One of them was, “Don’t start arbitrary fires.” I also remember one of our floor leaders burned up his hands on a rope trying to rappel from the third story window.
Then there was the annual Spring Orgy, which was basically an excuse for everyone to get shitfaced and run around naked. It ended with the dorm leaders smearing the floor with lubricant and inviting us all to slide down it.
I passed on that particular ritual.
The shenanigans of yore sounded interesting, too.
“The very first day I was there, there were guys putting an antenna on the roof, strictly against university policy.
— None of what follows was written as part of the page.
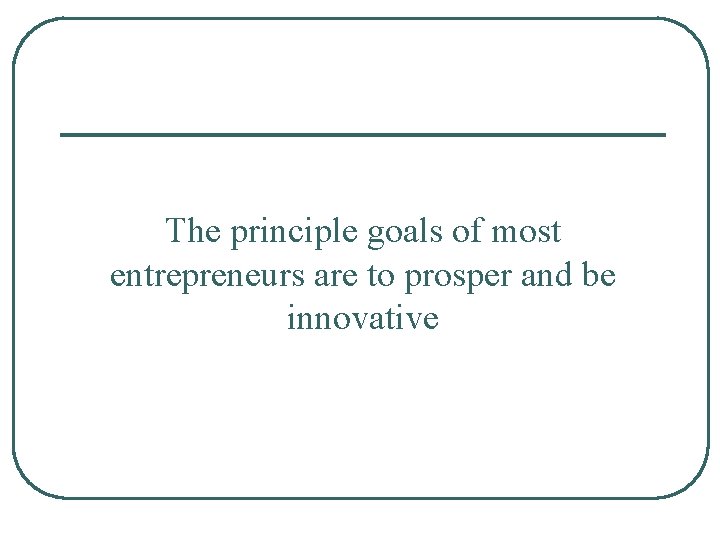 The principle goals of most entrepreneurs are to prosper and be innovative 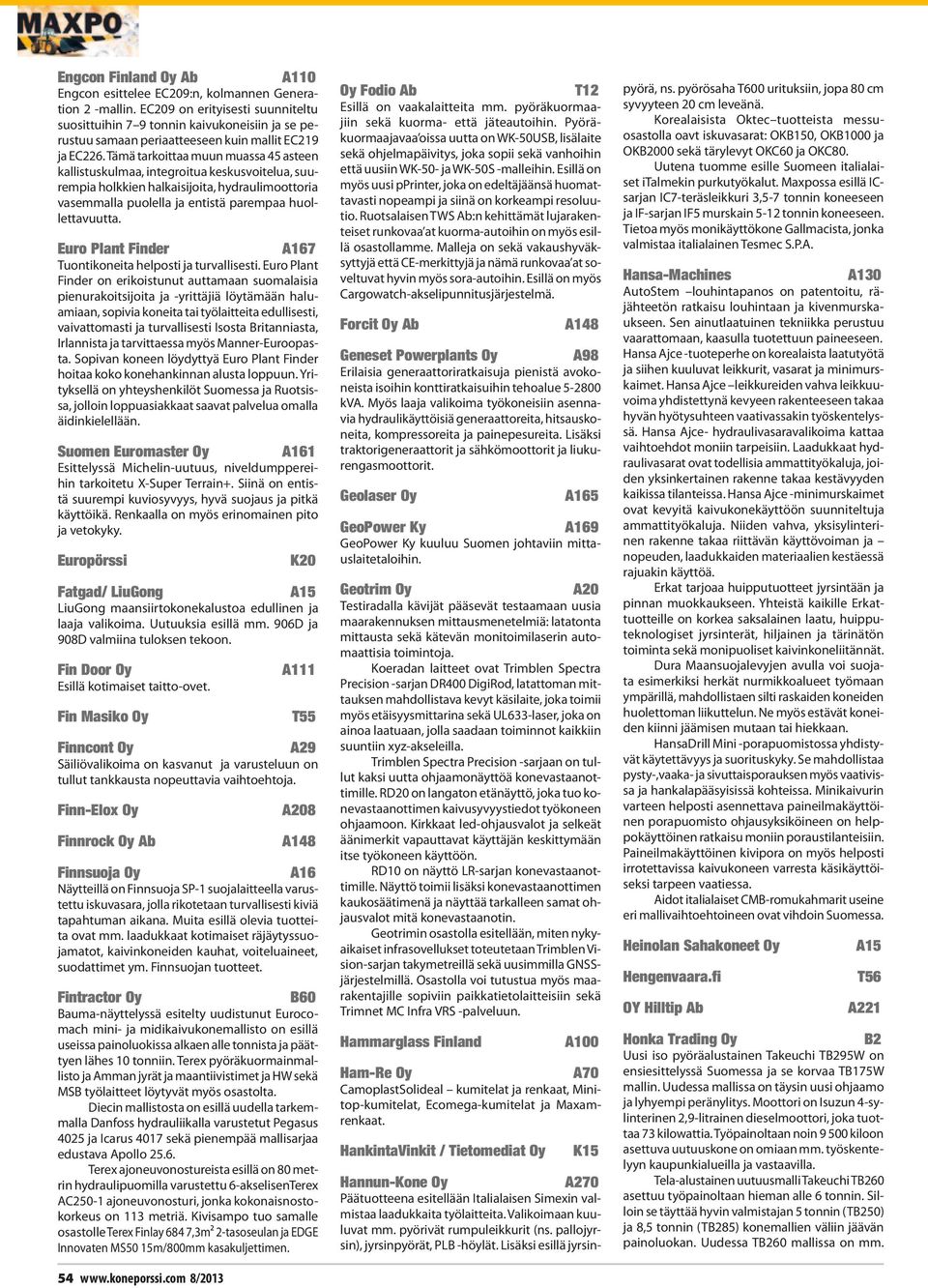 Tämä tarkoittaa muun muassa 45 asteen kallistuskulmaa, integroitua keskusvoitelua, suurempia holkkien halkaisijoita, hydraulimoottoria vasemmalla puolella ja entistä parempaa huollettavuutta.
It was designed to pick up a little cable station in Atlanta, Georgia that had just been started by Ted Turner,” Charles said. “We sat around with all of these pieces of antenna. It wasn’t even in my mind to dream that people could do that. I knew those things happened, but there they were, making it happen themselves.”
Several years after I left Mallet, the University banished the dorm to the ass end of campus and implemented stricter supervision of its members. Some of what’s happened to Mallet has been self inflicted. There was a gradual lack of scrutiny of applicants and generally irresponsible behavior by those in charge.
But the University had been itching to crack down Mallet for years. We were no friends of authority, and I think that attitude made me a better reporter than I otherwise would’ve been.
The recent despicable behavior by our university officials makes Mallet look like the Mickey Mouse club by comparison.
Charles set aside 30 minutes for the interview, but then he had to go.
Writing a book sounds like the easy part. Promoting it must be a real pain in the ass. Charles has been hitting the promotions hard. He’s been featured in several local publications. He’s kind of a big deal.
Later that day, Charles sent an email thanking me for the interview.
I told him that he was probably helping me more than I was helping him.
I told him that I’d let everyone know about the Sept. 25 event at Manuel’s, too.
“Thank you,” Charles wrote. “And please let those Malleteers know that a brother has a book.”